An out-of-state court decision has held that children who are legally emancipated from their parents may be entitled to child support payments. In a unanimous decision, the court held that a girl, who had left her home at age 13 due to her mother’s abusive boyfriend, was entitled to collect child support from her mother until she turned 18. This decision could prove relevant to Massachusetts children who are in need of support from their parents despite being legally emancipated, though the court decision from another state is not directly binding in ours.
The language of the decision stated that it was not the intention of the state legislature to free parents from child support obligations for children who had left their care. Instead, the court found that the legislative intent was to give district courts discretion in determining whether an emancipated child was entitled to support. Lawyers have claimed that this is a substantial victory for children who were forced to leave their homes during their childhood.
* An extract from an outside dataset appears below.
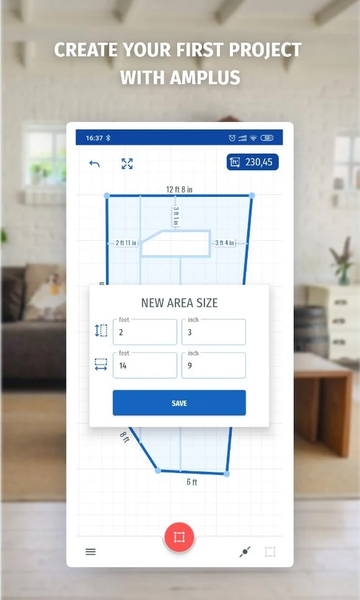 AMPLUS Area Measure Calculator - Image screenshot of android app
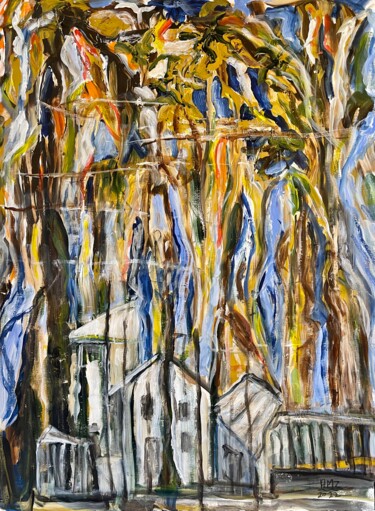 Malerei mit dem Titel "River House" von Alfredo Machado Zingg, Original-Kunstwerk, Acryl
The girl in this case was legally emancipated from her mother in 2007 at age 16. As a result of the New Mexico court’s decision, the girl is entitled to child support payments from 2005 to 2009. This back child support totaled $15,278. According to the girl’s lawyers, this money will help support the girl as she continues her college education.
This decision is one that may provide some guidance to other state courts, including those in Massachusetts, confronted with similar issues. At the very least, this decision raises the debate across the country as to the rights and responsibilities of parents and emancipated children concerning child support.